Water–gas shift catalysis over transition metals supported on molybdenum carbide

Abstract We report here that WGS rates per total surface area at 120 °C, 7% CO, 22% H 2 O, 8.5% CO 2 , 37% H 2 for Pt, Au, Pd and Ni supported over Mo 2 C were 4–8 times higher than those of the commercial Cu/ZnO/Al 2 O 3 catalyst. In agreement with previous literature, the WGS rate per total moles of Pt over Pt/Mo 2 C at 120 °C has been shown to be higher than on any Pt/Metal oxide catalyst.

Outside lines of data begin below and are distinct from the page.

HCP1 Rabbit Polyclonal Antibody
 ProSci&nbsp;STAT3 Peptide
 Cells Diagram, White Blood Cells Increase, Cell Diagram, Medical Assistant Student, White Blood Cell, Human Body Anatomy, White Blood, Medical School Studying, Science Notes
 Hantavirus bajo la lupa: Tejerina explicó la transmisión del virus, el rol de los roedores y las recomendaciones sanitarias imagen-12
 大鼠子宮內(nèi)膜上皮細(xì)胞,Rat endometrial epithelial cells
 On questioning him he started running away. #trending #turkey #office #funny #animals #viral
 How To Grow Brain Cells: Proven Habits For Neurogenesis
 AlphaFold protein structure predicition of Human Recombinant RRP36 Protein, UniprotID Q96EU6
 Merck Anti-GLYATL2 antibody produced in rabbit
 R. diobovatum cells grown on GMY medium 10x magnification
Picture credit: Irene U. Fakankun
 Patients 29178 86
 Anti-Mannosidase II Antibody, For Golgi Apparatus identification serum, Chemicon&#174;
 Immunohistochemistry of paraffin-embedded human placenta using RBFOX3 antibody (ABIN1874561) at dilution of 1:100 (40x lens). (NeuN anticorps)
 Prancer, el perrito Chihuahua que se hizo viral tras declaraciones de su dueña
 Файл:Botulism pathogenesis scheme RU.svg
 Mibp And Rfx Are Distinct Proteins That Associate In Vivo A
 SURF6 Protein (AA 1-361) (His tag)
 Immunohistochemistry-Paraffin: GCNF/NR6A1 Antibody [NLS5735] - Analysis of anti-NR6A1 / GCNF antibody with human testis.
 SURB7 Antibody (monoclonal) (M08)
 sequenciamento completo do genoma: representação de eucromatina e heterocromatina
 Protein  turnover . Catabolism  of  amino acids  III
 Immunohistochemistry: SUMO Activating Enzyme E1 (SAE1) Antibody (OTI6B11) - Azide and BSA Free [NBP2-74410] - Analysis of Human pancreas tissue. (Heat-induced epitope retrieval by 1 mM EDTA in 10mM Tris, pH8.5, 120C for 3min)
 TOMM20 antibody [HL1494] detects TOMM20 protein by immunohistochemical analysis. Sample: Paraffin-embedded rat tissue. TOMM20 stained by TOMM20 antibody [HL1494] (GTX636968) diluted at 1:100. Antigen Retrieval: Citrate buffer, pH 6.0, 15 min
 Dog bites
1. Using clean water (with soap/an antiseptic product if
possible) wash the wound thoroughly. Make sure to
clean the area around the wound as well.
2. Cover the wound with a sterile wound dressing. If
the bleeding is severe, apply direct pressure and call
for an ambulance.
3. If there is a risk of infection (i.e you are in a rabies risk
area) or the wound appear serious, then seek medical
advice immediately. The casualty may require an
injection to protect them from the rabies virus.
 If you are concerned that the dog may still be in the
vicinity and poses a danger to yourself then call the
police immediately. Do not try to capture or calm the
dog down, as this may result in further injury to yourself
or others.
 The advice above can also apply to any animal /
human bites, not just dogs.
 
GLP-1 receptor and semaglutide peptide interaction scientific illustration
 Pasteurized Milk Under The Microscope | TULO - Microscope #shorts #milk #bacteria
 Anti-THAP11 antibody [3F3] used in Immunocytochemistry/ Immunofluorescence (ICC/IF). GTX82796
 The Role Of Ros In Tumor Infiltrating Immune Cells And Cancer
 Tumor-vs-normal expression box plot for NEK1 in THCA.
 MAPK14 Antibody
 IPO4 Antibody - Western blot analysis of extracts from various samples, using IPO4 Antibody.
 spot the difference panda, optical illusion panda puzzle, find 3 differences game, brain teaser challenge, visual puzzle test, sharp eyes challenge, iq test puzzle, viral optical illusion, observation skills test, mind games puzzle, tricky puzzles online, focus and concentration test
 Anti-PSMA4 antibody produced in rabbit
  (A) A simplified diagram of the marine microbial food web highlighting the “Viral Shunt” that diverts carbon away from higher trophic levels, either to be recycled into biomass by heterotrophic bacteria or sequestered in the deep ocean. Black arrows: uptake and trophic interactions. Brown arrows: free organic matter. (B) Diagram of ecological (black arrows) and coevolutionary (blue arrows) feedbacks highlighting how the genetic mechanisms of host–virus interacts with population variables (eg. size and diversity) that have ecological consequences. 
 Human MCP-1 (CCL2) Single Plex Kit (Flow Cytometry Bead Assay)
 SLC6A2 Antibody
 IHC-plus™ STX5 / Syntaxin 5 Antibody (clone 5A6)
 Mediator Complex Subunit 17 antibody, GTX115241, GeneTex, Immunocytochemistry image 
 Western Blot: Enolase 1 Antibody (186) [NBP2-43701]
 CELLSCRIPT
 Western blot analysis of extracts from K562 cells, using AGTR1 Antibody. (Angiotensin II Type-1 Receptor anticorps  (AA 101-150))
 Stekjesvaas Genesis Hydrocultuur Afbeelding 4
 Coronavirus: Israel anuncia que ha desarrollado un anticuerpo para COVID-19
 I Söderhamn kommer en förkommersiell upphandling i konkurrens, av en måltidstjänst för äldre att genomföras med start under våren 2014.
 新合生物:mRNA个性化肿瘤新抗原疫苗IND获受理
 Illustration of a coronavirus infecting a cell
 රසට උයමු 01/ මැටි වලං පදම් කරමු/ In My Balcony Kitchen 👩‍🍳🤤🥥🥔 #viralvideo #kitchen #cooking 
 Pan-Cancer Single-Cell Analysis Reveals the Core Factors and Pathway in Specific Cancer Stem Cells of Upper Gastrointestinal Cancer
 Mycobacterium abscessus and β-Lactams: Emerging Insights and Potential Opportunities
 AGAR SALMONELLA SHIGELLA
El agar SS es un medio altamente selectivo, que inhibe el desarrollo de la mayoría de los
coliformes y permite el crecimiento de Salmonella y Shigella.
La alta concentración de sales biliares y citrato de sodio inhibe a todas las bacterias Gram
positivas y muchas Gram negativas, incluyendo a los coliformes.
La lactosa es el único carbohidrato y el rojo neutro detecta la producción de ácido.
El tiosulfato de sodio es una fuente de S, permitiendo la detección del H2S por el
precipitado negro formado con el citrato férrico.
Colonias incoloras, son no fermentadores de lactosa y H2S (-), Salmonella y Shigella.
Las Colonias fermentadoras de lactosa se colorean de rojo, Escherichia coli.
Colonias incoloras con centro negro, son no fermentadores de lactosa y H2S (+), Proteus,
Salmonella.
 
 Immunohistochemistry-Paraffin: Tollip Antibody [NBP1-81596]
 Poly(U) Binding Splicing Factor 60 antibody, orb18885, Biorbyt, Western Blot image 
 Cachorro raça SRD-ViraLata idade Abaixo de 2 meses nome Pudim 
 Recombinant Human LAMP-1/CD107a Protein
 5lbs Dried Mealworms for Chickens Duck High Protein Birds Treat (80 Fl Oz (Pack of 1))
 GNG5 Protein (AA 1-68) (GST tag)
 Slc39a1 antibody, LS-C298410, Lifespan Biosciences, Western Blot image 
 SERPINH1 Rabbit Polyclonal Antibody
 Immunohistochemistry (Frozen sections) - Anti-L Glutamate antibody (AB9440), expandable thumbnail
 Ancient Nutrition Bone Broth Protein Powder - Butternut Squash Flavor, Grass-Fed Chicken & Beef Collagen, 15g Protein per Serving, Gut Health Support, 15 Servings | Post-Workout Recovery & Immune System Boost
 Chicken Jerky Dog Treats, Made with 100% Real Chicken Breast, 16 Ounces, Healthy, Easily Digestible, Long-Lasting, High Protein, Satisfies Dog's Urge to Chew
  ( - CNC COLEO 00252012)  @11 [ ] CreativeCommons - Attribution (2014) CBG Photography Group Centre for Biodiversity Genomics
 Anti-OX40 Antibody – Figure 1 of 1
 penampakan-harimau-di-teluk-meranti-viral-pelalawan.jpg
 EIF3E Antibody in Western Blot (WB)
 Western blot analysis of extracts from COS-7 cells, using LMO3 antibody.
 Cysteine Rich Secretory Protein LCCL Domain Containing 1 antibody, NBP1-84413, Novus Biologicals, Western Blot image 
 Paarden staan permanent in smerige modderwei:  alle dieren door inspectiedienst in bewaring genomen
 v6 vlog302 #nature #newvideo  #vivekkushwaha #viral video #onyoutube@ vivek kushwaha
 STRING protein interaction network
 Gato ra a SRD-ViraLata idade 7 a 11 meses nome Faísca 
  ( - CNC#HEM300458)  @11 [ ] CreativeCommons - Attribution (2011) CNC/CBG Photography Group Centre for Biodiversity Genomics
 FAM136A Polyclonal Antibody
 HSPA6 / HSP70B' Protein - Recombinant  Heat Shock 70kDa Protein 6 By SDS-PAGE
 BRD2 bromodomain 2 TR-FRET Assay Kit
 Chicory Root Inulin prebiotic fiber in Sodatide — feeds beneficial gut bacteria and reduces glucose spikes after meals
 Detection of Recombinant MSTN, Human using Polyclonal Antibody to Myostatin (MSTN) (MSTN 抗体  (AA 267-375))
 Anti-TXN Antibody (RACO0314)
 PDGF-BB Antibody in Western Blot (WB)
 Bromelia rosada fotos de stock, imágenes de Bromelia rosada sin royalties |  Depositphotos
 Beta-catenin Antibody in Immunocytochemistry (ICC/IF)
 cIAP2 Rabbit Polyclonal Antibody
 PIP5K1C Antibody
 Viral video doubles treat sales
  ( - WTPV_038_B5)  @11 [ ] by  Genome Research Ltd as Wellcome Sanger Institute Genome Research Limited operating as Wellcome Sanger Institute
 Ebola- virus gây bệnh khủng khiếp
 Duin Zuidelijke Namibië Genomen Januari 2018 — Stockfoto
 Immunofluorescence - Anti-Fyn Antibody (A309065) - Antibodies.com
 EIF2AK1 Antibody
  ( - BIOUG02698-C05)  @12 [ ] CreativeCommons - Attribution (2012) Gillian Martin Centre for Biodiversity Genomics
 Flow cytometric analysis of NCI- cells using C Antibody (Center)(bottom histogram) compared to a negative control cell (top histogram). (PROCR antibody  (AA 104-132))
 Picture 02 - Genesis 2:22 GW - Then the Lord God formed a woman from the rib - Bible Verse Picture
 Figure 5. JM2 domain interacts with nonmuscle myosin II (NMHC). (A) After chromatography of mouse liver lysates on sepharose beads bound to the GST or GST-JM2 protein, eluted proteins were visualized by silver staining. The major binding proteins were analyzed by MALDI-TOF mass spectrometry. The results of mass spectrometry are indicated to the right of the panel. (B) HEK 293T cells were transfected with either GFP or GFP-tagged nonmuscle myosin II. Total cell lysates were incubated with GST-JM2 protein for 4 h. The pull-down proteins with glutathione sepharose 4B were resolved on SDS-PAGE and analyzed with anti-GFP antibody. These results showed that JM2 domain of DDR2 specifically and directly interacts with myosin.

We have made use of systematic changes in the apparent kinetic parameters with various admetals (decrease in apparent CO order and apparent activation energy and increase in apparent H 2 O order compared to unpromoted Mo 2 C) to conclude that the function of the rate-promoting admetals is to enhance the relative surface concentration of the adsorbed CO, thereby leading to a promotion in the WGS rate per total surface area of the catalyst. Temperature programmed desorption of CO was used to show that the CO adsorption properties of Mo 2 C were modified by the various admetals by creating new metallic sites. In situ X-ray absorption on Pt and Au and STEM–EELS experiments showed that the supported Au nanoparticles over Mo 2 C decrease in average particle size from ∼9 nm to 3 nm after a 600 °C carburization pretreatment. Pt was also shown to have assumed a stable structure at 600 °C in the form of a Pt–Mo alloy. We suggest that Mo 2 C can be used to synthesize thermally robust supported metal catalysts.